Irish solidarity with Palestine is a heartbreaking and bittersweet thing to consider in the middle of a genocide, in the approximate season of Saint Patrick’s Day.
I am celebrating my amateur genealogist’s claim to a little potato famine era immigrant heritage by listening to Hozier and drinking beer and whiskey and getting up on a soapbox for a second.
The starvation of an entire population as a weapon against civilians in warfare is a despicable move for any nation, let alone a nation whose people were starved to death in concentration camps and ghettos. We said never again, or don’t you remember?
Offerring famine relief as bait for an ambush to attack innocent children looking for food is despicable.

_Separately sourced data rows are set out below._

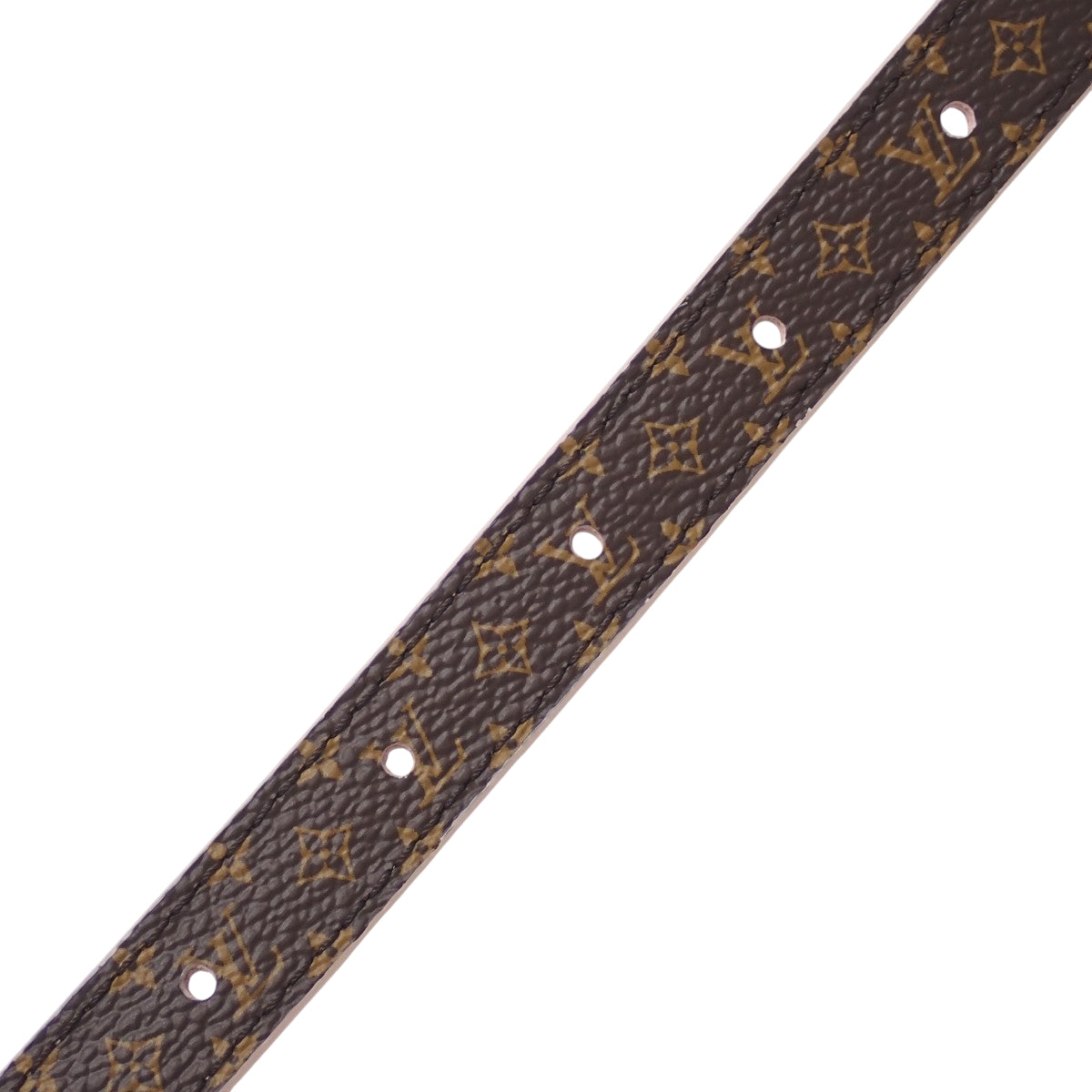 モノグラム ベルト･LV ミニ フラワーグラム 15MM リバーシブル 80/32 M8800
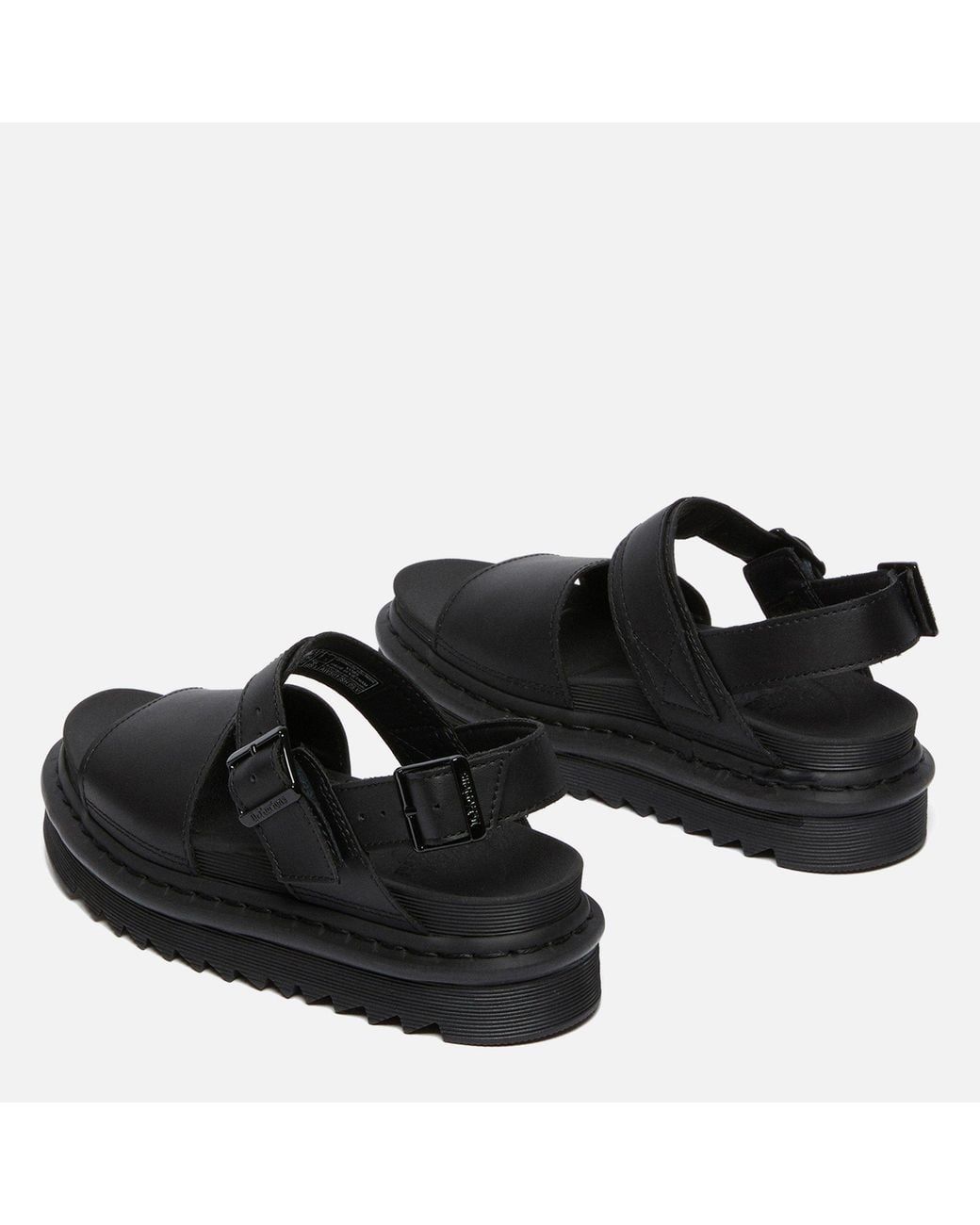 Dr. Martens Black Voss Sandal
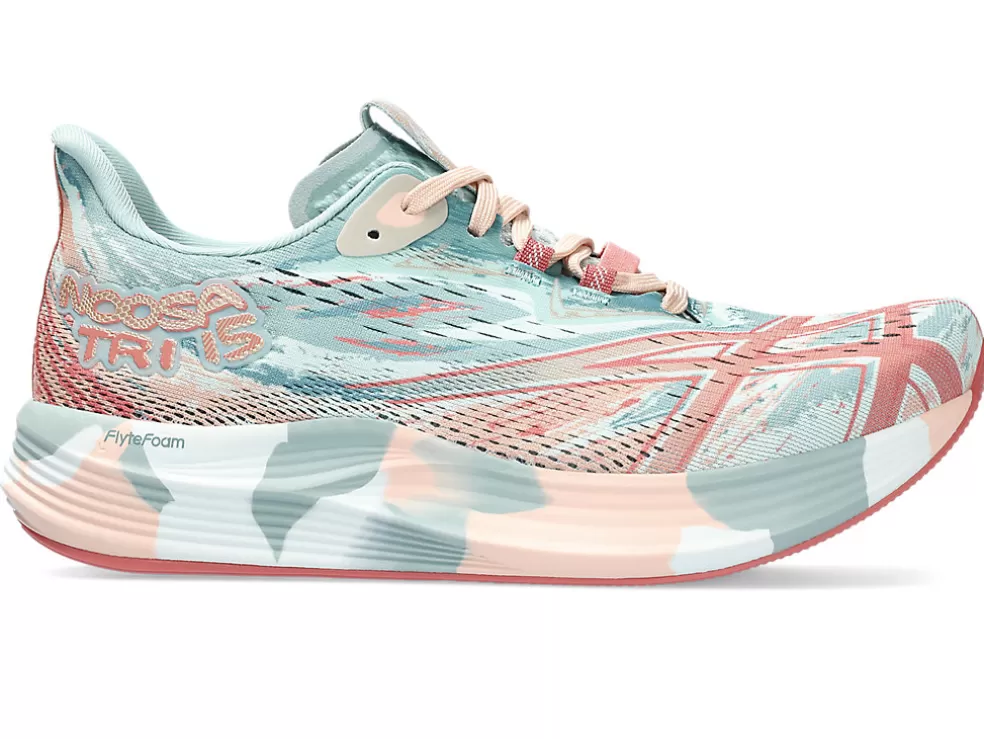 Cheap ASICS NOOSA TRI 15 Pure Aqua/Pale Apricot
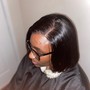 Sew In with leave out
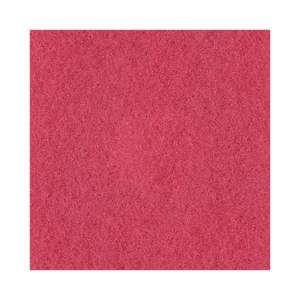 Pads de polissage Boardwalk 4015RED, standard, diamètre 15 pouces, pour le polissage des sols, couleur rouge - Product Image 3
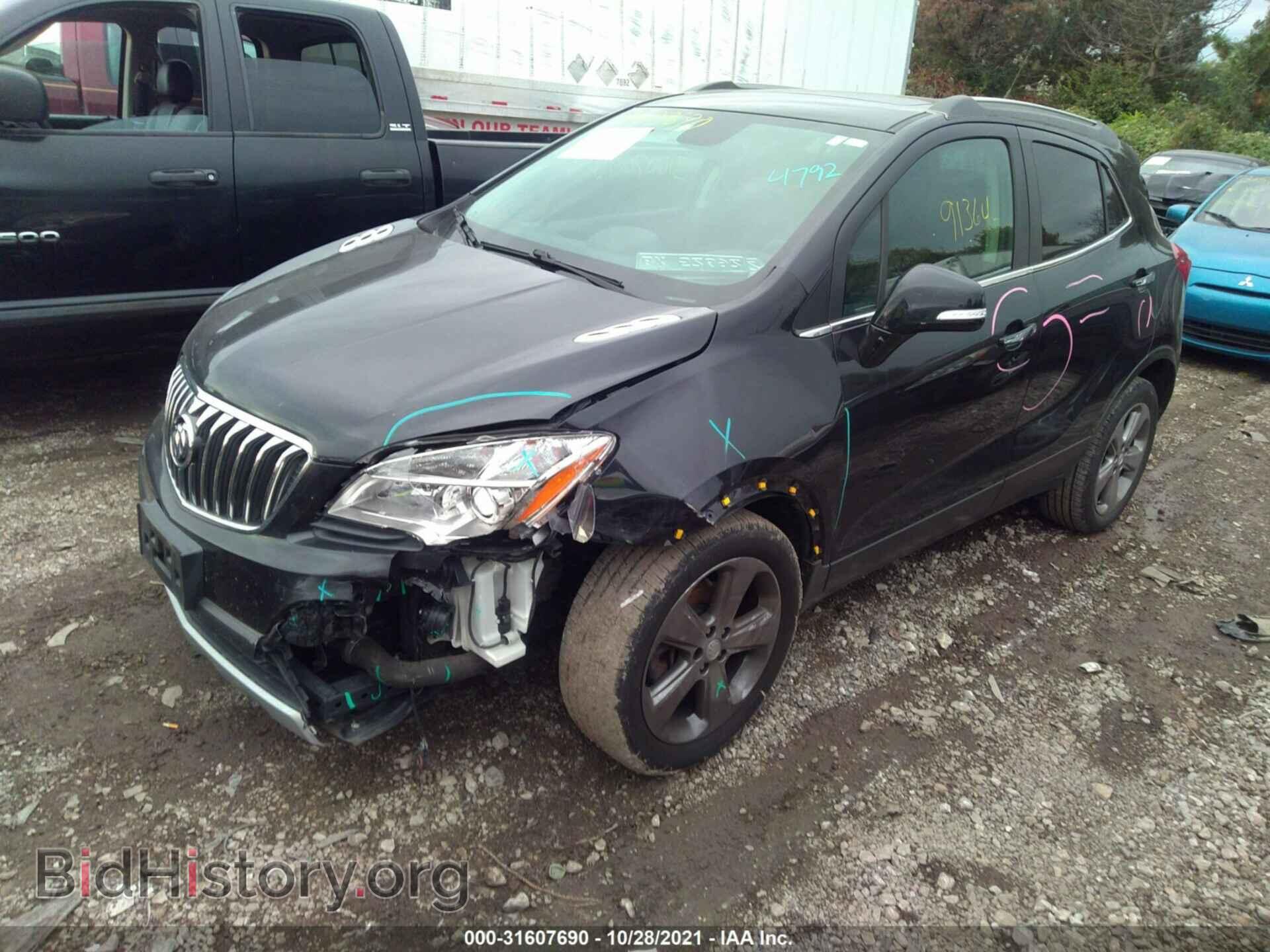 2014 BUICK ENCORE - VIN: KL4CJBSB7EB781139 - Фото 2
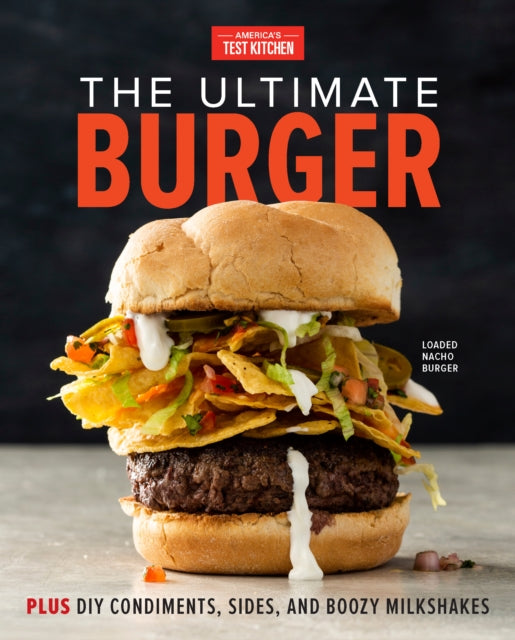 Book cover of: Ultimate Burger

I am disgusted by the US supplying the weapons and the bombs for the military that flattened cities and then air dropping cold rations out of the sky onto the refugee camps that would not have existed if our country hadn’t kept vetoing a ceasefire at the UN.
A man sit himself on fire and died of his injuries and asked that his ashes be scattered in a Free Palestine but the protest which has stuck with me the most is the man who filled the streets of a city in the Netherlands with thousands of pairs of children’s shoes but the photos of the shoes were not in black and white they were in color they were taken yesterday.
Around the world people who are using their platforms to speak up are being disciplined at work, told to be quiet, arrested.
It should not be socially questionable to speak up in opposion to a fucking genocide.
Never again means never again and it doesn’t matter whose families are the gods damned target.
I guess I’m going to step down off my soap box, for now.